- 9.4.1: Use the zero-product property to solve each equation. a. (x + 4)(x ...
- 9.4.2: Graph each equation and then rewrite it in factored form. a. y = x2...
- 9.4.3: Name the x-intercepts of the parabola described by each quadratic e...
- 9.4.4: Write an equation of a quadratic function that corresponds to each ...
- 9.4.5: Consider the equation y = (x + 1)(x 3). a. How many x-intercepts do...
- 9.4.6: Is the expression on the left equivalent to the expression on the r...
- 9.4.7: Use a rectangle diagram to factor each expression. a. x2 + 7x + 6 b...
- 9.4.8: The sum and product of the roots of a quadratic equation are relate...
- 9.4.9: Mini-Investigation In this exercise you will discover whether knowi...
- 9.4.10: Write a quadratic equation of a parabola with x-intercepts at 3 and...
- 9.4.11: APPLICATION The school ecology club wants to fence in an area along...
- 9.4.12: Mini-Investigation Consider the equation y = x2 9. a. Graph the equ...
- 9.4.13: Kayleigh says that the roots of 0 = x2 + 16 are 4 and 4 because (4)...
- 9.4.14: Reduce the rational expressions by dividing out common factors from...
- 9.4.15: Multiply and combine like terms. a. (x 21) (x + 2) b. (3x + 1)(x + ...
- 9.4.16: Edward is responsible for keeping the stockroom packed with the bes...
Solutions for Chapter 9.4: Factored Form
Full solutions for Discovering Algebra: An Investigative Approach | 2nd Edition
Augmented matrix [A b].
Ax = b is solvable when b is in the column space of A; then [A b] has the same rank as A. Elimination on [A b] keeps equations correct.
Basis for V.
Independent vectors VI, ... , v d whose linear combinations give each vector in V as v = CIVI + ... + CdVd.
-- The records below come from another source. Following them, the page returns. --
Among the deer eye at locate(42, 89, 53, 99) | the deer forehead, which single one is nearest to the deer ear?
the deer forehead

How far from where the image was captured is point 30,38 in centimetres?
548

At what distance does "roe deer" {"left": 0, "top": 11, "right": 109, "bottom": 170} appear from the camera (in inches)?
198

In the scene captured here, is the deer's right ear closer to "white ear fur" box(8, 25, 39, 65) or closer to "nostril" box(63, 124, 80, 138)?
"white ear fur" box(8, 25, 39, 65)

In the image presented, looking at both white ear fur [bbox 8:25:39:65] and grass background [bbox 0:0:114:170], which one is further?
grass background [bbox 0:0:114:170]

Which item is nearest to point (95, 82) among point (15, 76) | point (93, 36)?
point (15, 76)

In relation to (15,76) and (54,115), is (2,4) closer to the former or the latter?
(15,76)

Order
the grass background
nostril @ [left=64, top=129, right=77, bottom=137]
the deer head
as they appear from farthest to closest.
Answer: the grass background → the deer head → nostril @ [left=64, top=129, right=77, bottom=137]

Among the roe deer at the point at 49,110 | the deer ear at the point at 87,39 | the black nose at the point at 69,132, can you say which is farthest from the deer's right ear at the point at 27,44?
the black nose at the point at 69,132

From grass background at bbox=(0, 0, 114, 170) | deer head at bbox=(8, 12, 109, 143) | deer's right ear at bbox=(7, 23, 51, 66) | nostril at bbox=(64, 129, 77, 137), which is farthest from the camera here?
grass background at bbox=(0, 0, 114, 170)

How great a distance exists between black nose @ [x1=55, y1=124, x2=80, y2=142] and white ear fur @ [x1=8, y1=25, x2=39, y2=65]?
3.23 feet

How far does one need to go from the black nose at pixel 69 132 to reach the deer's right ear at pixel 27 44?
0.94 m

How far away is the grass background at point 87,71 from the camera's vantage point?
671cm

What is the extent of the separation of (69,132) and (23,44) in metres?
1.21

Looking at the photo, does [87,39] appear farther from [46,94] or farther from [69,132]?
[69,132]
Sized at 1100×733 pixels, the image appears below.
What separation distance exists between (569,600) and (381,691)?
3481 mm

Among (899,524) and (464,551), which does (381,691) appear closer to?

V has many bases, each basis gives unique c's. A vector space has many bases!
cond(A) = c(A) = IIAIlIIA-III = amaxlamin. In Ax = b, the relative change Ilox III Ilx II is less than cond(A) times the relative change Ilob III lib II· Condition numbers measure the sensitivity of the output to change in the input.
A = S-1 AS. A = eigenvalue matrix and S = eigenvector matrix of A. A must have n independent eigenvectors to make S invertible. All Ak = SA k S-I.
Echelon matrix U.
The first nonzero entry (the pivot) in each row comes in a later column than the pivot in the previous row. All zero rows come last.
Full row rank r = m.
Independent rows, at least one solution to Ax = b, column space is all of Rm. Full rank means full column rank or full row rank.
Set of n nodes connected pairwise by m edges. A complete graph has all n(n - 1)/2 edges between nodes. A tree has only n - 1 edges and no closed loops.
Hypercube matrix pl.
Row n + 1 counts corners, edges, faces, ... of a cube in Rn.
A symmetric matrix with eigenvalues of both signs (+ and - ).
Linearly dependent VI, ... , Vn.
A combination other than all Ci = 0 gives L Ci Vi = O.
IIA II. The ".e 2 norm" of A is the maximum ratio II Ax II/l1x II = O"max· Then II Ax II < IIAllllxll and IIABII < IIAIIIIBII and IIA + BII < IIAII + IIBII. Frobenius norm IIAII} = L La~. The.e 1 and.e oo norms are largest column and row sums of laij I.
If N NT = NT N, then N has orthonormal (complex) eigenvectors.
Outer product uv T
= column times row = rank one matrix.
Polar decomposition A = Q H.
Orthogonal Q times positive (semi)definite H.
Projection matrix P onto subspace S.
Projection p = P b is the closest point to b in S, error e = b - Pb is perpendicularto S. p 2 = P = pT, eigenvalues are 1 or 0, eigenvectors are in S or S...L. If columns of A = basis for S then P = A (AT A) -1 AT.
Schur complement S, D - C A -} B.
Appears in block elimination on [~ g ].
Semidefinite matrix A.
(Positive) semidefinite: all x T Ax > 0, all A > 0; A = any RT R.
Singular matrix A.
A square matrix that has no inverse: det(A) = o.
Skew-symmetric matrix K.
The transpose is -K, since Kij = -Kji. Eigenvalues are pure imaginary, eigenvectors are orthogonal, eKt is an orthogonal matrix.
If x gives the movements of the nodes, K x gives the internal forces. K = ATe A where C has spring constants from Hooke's Law and Ax = stretching.